He’s too tied up to think straight, grinding up on a goddamn Rebel like an impatient teenager. Cassian scratches his tailbone, and Han jerks forward like it's his first time being touched. Their bodies collide; it downright _hurts_ now. Han's pants aren’t made for this. The zipper’s press against Han’s crotch is maddening.

Cassian curses under his breath, the only word he can get out before Han’s mouth is on him again. He thumbs down the flat of Cassian's throat, leaving a pink nail-line. Han is too hard. His blood is pumping too hot. He needs to get out of his clothes. He needs to _think_.

Fingers ghost between Han's legs. Han hisses.

Cassian kisses him before he can catch his breath. Their bodies grind up on each other. The friction makes heat spill through Han’s body. Han can't breathe. Cassian is too hard under him. Han is clawing at the wall abruptly, something nuclear and sudden in his gut.

Wait! They're supposed to be, this isn't-! “Fuck- nnnn-” What the _hell_.

Han shudders over Cassian, a hand wedging between them. It folds over the outline of Cassian through his clothes. He squeezes and grinds the heel of his palm. Works him as hard and fast as he can muster, the final waves of his orgasm making his touch unsteady. 

It's working though. He feels the stutter of Cassian's breaths under his lips. The catch of sound in the back of his throat. A tight, hissed, " _Wait_." But waiting has never been a part of Han Solo's personal philosophy. Not when he's already been shoved kicking and screaming over the edge, unraveled so disgustingly _easy_ that now he has cum in his shorts.

Two can play this game. Han follows Cassian's hitching breaths, the tensing of his body, the way his mouth is barely moving under Han's. Han steals an eyeful of his head tipping back. Color on his face, reddened mouth slacked open. The sound he makes is downright  _unfair_ , as is the tremor that shakes him. When Cassian comes, his eyes are closed, but his lashes keep on fluttering like pinned wings. It's sexy as hell. Han can't stop gawking at him.

Han's brain feels like lead. He wants to touch. He wants to kiss. He wants to announce how goddamn hot Cassian is. Why does he have to be a Rebel, huh? Rebels are only good for a quick one-and-done! Han wants a do-over. He wants many do-overs. And more making out. And maybe for Cassian to stick around his ship awhile. Where's he off to after Tatooine? Maybe Han can- Nope,  _no_ , no way.

Han is folded over Cassian’s body, grimacing into their lazy kiss. Slow and hard, Han’s fingers hooked into his shoulder. He tries his damndest to ignore the cooling wetness in his pants. This...is not his finest moment.

“I need a shower,” Cassian mumbles, accent extra-rough. His eyes are glassy, mouth painfully over-kissed. Dull scratch lines mark his neck. Sweat is making his shirt stick to his body. The bottom of it is rucked up like some dirty mag pin-up.

“Yeah,” Han agrees, head bowing to Cassian's throat. This is ridiculous. When's the last time Han fucking _came in his clothes_? He’s not sixteen, damn it.

Han should let Cassian shower. He should _not_ be nibbling up a side of the guy's neck. But hey, it's Cassian's fault. Cassian baits him with a sigh and lowers his head to greet him. They're both so sore that they share hisses when their lips meet.

When Cassian moves, Han moves with him. He's torn between grabbing Cassian's shirt and his hair. Han tries to do both and winds up with arms around him. Cassian's hands coast down his shoulder blades and lower, to grab him through his pants. With arms still tight around him, Han guides them to the bed. 

They’re on it somehow, lips still fixed together. Cassian climbs on top of him, unzipping and buckling. He peels off the mess Han’s made of himself. Han's cock is still half-thick and wet with his own cum. “Better?” Cassian asks.

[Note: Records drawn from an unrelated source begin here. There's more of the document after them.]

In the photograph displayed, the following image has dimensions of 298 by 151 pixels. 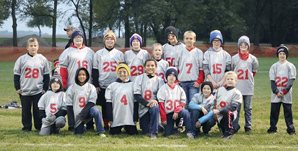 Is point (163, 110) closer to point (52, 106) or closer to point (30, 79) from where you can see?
point (52, 106)

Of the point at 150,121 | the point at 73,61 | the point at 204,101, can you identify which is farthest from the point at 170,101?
the point at 73,61

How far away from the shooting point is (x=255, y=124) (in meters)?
8.11

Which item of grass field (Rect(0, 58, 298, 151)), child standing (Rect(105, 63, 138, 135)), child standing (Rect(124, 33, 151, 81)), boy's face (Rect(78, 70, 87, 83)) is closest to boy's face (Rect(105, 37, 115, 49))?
child standing (Rect(124, 33, 151, 81))

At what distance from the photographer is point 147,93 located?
703 cm

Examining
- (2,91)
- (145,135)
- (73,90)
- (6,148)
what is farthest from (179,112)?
(2,91)

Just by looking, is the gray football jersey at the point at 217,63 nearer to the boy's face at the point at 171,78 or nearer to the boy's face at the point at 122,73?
the boy's face at the point at 171,78

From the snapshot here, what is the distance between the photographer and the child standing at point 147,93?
6.84 meters

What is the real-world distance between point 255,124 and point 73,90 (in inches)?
150

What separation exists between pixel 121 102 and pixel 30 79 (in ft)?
5.96

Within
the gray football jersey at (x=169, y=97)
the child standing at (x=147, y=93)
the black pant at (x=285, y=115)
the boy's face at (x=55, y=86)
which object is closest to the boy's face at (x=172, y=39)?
the child standing at (x=147, y=93)

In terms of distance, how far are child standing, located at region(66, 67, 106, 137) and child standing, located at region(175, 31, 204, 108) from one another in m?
1.73

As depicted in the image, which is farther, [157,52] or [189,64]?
[189,64]

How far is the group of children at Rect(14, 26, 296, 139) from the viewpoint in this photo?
6.84 metres

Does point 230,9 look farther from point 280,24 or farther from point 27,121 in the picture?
point 27,121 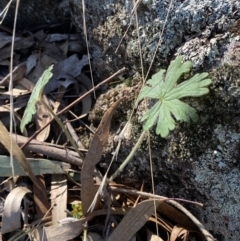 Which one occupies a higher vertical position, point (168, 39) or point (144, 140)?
point (168, 39)

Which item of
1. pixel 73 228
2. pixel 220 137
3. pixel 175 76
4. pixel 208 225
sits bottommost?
pixel 208 225

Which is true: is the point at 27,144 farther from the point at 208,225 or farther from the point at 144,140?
the point at 208,225

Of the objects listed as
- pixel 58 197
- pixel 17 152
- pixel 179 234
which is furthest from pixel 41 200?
pixel 179 234

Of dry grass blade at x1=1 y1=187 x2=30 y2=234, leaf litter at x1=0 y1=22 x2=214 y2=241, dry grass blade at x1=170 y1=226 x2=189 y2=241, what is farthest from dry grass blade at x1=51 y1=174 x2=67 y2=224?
dry grass blade at x1=170 y1=226 x2=189 y2=241

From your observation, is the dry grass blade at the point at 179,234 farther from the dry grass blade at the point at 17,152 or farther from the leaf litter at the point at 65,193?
the dry grass blade at the point at 17,152

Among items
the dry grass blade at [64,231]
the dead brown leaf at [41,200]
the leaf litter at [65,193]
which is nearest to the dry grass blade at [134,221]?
the leaf litter at [65,193]

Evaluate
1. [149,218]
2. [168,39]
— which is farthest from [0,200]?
[168,39]

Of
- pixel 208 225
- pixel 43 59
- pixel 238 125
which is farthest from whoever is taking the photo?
pixel 43 59

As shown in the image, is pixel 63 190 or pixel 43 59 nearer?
pixel 63 190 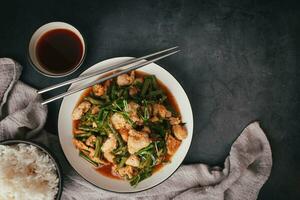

“Mmm,” Han sort-of answers. He grabs a fist of Cassian's hair and pulls him down so he can’t say anything else.

The least Han can do is return the favor, right? He unbuttons and pushes until he gets Cassian's pants to his knees. Han should take his shirt off too, but he's too distracted by the view. Cassian is still blushed and slick with his own semen. He manages a pump into the hand Han curls around him, but the friction draws a grimace. Han gets it.

But that doesn't stop Cassian from fisting his hand around Han. He urges with a stroke of his thumb along the base. It’s not comfortable. Han is over-chaffed and post-orgasm raw. He would tell Cassian that, if he could stop kissing him for two seconds.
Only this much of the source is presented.